- [Problem to work on]: The expected response is the complete listing below, restated exactly, with its pictures omitted.

- [Given information]:
***
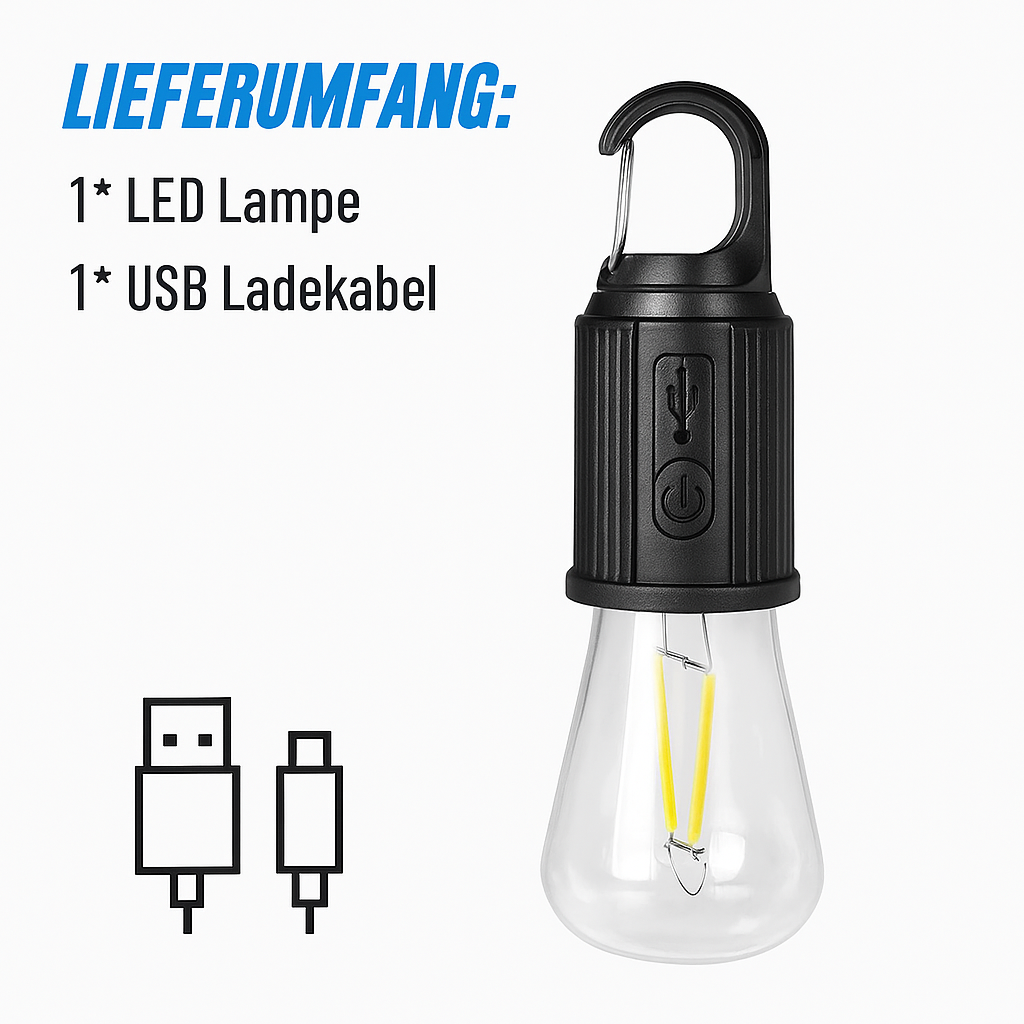 Camping LED Lampe mit USB-Aufladung – Tragbare Outdoor-Laterne mit Haken und hoher Helligkeit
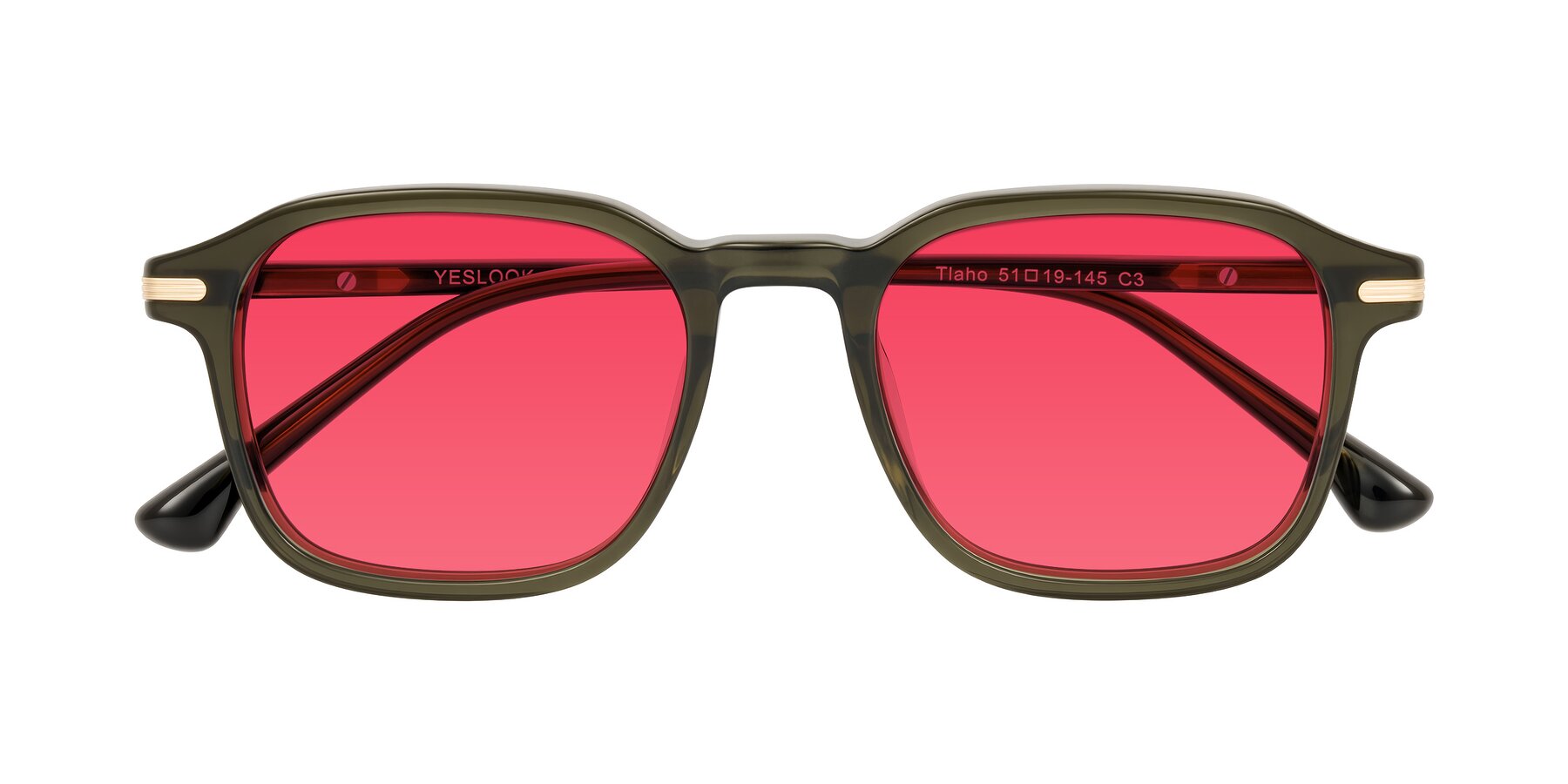 Folded Front of Tlaho in Dark Green with Red Tinted Lenses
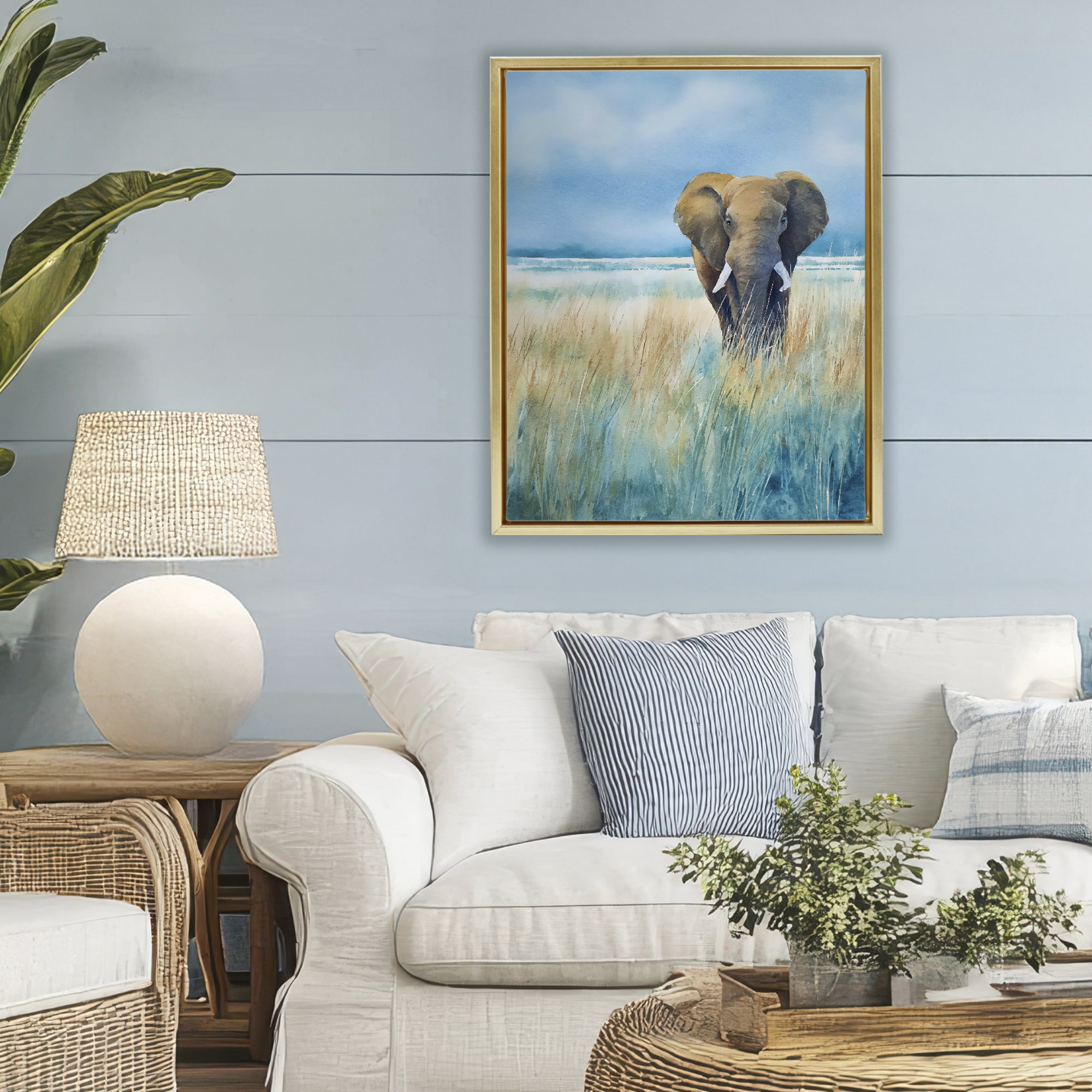 Stupell Industries Blue Grass Elephant Gold Framed Floater Canvas Wall Art, design by Franklyn Gregory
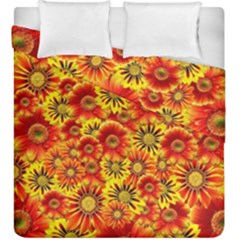 Brilliant Orange And Yellow Daisies Duvet Cover Double Side (King Size)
***
- [Response for this exercise]:
 Camping LED Lampe mit USB-Aufladung – Tragbare Outdoor-Laterne mit Haken und hoher Helligkeit
 Folded Front of Tlaho in Dark Green with Red Tinted Lenses
 Stupell Industries Blue Grass Elephant Gold Framed Floater Canvas Wall Art, design by Franklyn Gregory
 Brilliant Orange And Yellow Daisies Duvet Cover Double Side (King Size)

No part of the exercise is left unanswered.